RAW DATA:
---+---

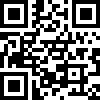 https://khabaronline.ir/xm2QQ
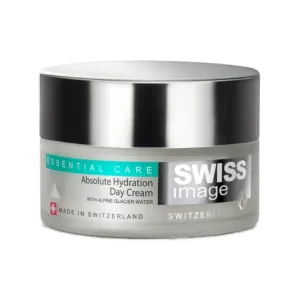 SWISS Image Essential Care Absolute Hydration Day Cream 50 ml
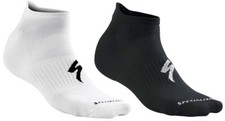 Chaussette specialized invisib d'occasion  Saint-Paulien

---+---

WHAT NEEDS TO BE DONE: Copy the lines above exactly and exclude every image.

WRITTEN ANSWER:
 https://khabaronline.ir/xm2QQ
 SWISS Image Essential Care Absolute Hydration Day Cream 50 ml
 Chaussette specialized invisib d'occasion  Saint-Paulien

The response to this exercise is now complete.